Starting at the line that contains "Co-Parenting Journal: Communication, Schedules", output each line exactly as written through the end of the listing below, but leave out the pictures.

BEGIN Information provided

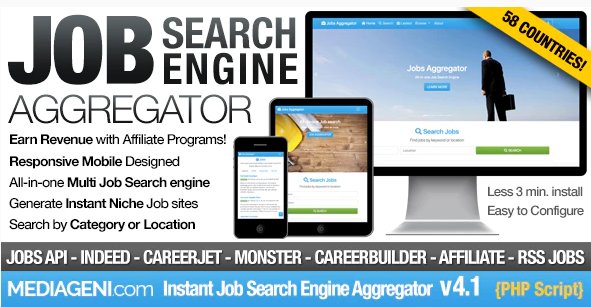 Instant Job Search Engine Aggregator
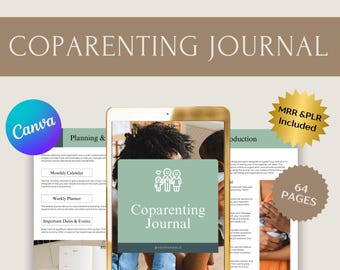 Co-Parenting Journal: Communication, Schedules & Expense Tracker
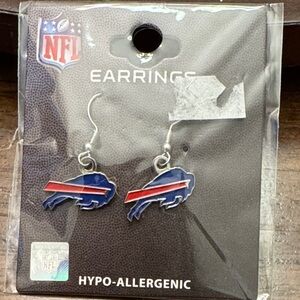 NFL Buffalo Bills Earrings Hypo-Allergenic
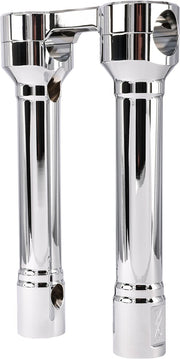 Thrashin Supply Co. 8 Inch Tall Hole Shot Handlebar Riser In Chrome For Harley-Davidson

END Information provided

Response area »
 Co-Parenting Journal: Communication, Schedules & Expense Tracker
 NFL Buffalo Bills Earrings Hypo-Allergenic
 Thrashin Supply Co. 8 Inch Tall Hole Shot Handlebar Riser In Chrome For Harley-Davidson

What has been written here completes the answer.